# Mapping/Examples

## Examples of Mappings

### Rotation of Cartesian Plane Anticlockwise through $30 \degrees$

Let $\Gamma$ be the Cartesian plane.

The rotation $R_{30 \degrees}$ of $\Gamma$ anticlockwise through an angle of $30 \degrees$ about the origin $O$ is a mapping from $\Gamma$ to $\Gamma$.

### $\paren {x - 2}^2 + 1$ Mapping on $\N$

Let $f: \N \to \N$ be the mapping defined on the set of natural numbers as:

$\forall x \in \N: \map f x = \paren {x - 2}^2 + 1$

Then $f$ has an infinite image set, but is neither a surjection nor an injection.

### $x^3 - x$ Mapping on $\R$

Let $f: \R \to \R$ be the mapping defined on the set of real numbers as:

$\forall x \in \R: \map f x = x^3 - x$

Then $f$ is a surjection but not an injection.

### Area and Circumference of Circle

Let $A$ denote the set of circles.

Let $f_1: A \to \R$ be the mapping defined on $A$ as:

$\forall a \in A: \map {f_1} a = \map {\Area} a$

Let $f_2: A \to \R$ be the mapping defined on $A$ as:

$\forall a \in A: \map {f_2} a = \map {\operatorname {Circ} } a$

where $\map {\operatorname {Circ} } a$ denotes the circumference of $a$.

### Definite Integral

Let $\mathscr C$ be the set of continuous real functions defined on a closed interval $\closedint a b$.

The definite integral is a mapping which associates an element $f \in \mathscr C$ with a real number $\ds \int_a^b \map f x \rd x$.

### Age of a Person

Let $P$ be the set of all people.

Let $\theta: P \to \Z$ be the mapping defined as:

$\forall x \in P: \map \theta x = \text { the age of$x$last birthday}$

### Height of a Person

Let $P$ be the set of all people.

Let $\theta: P \to \Z$ be the mapping defined as:

$\forall x \in P: \map \phi x = \text { the height of$x$in mm}$

Thus it is seen that multiple mappings may be defined on the same set.

### Population of Nation

Let $T$ be the set of all times.

Let $N$ be a nation in the world.

Let $P: T \to \N$ be the mapping defined as:

$\forall t \in T: \map P t = \text {the population of$N$at time$t$}$

### Stretch of Spring

Let $S$ be a spring.

Let $W$ be a weight placed on the end of $S$.
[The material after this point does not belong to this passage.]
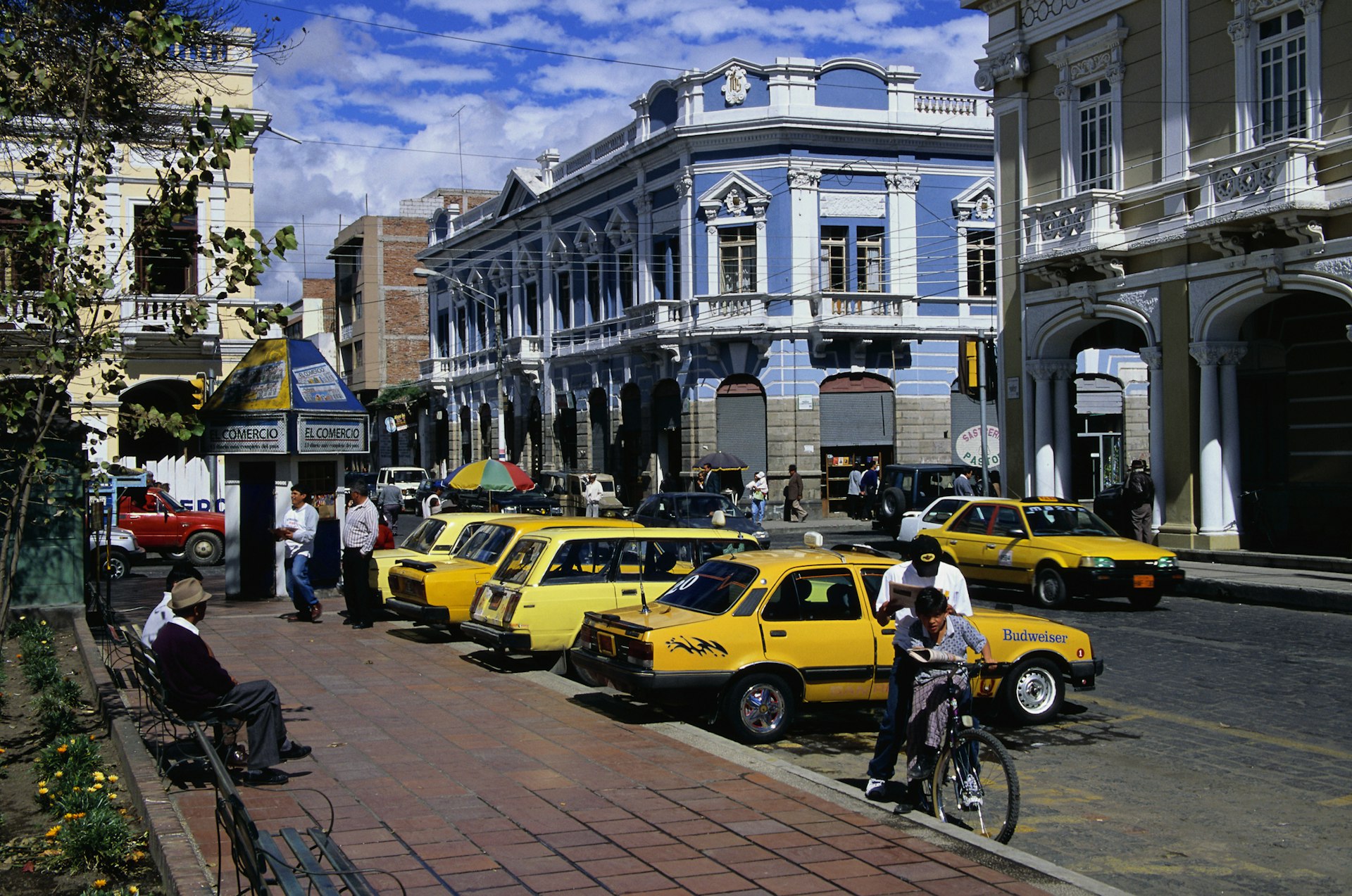 Yellow taxis parked in a line next to the sidewalk in Riobamba, Ecuador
Let $G: \R \to \R$ be the mapping defined as:

$\map G W = \text {the stretch of$S$under$W$}$

### Marks in an Examination

The act of marking an examination may be considered as an exercise in creating a mapping from a set of students to a set of numbers in a precisely defined scale, typically between $0$ and $100$.

### Arbitrary Sets of Students

Consider the indexed family as defined in Arbitrary Sets of Students:

Let $S$ be the set of students at a given university.

Let:

$A_1$ denote the set of first year students
$A_2$ denote the set of second year students
$A_3$ denote the set of third year students
$A_4$ denote the set of fourth year students.

We have:

$I = \set {1, 2, 3, 4}$ is an indexing set.
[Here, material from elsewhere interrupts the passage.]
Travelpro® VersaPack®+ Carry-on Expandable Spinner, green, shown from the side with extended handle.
Hence $\alpha: I \to S$ is an indexing function on $S$.

Hence:

$\ds \bigcup_{\alpha \mathop \in I} A_\alpha =$ the set of all undergraduates at the university

and:

$\ds \bigcap_{\alpha \mathop \in I} A_\alpha = \O$

where $\ds \bigcup_{\alpha \mathop \in I} A_\alpha$ and $\ds \bigcap_{\alpha \mathop \in I} A_\alpha$ denote the union of $\family {A_\alpha}$ and intersection of $\family {A_\alpha}$ respectively.

The indexing function $\alpha: I \to S$ which establishes a correspondence between elements of $I$ and $S$ is an example of a mapping.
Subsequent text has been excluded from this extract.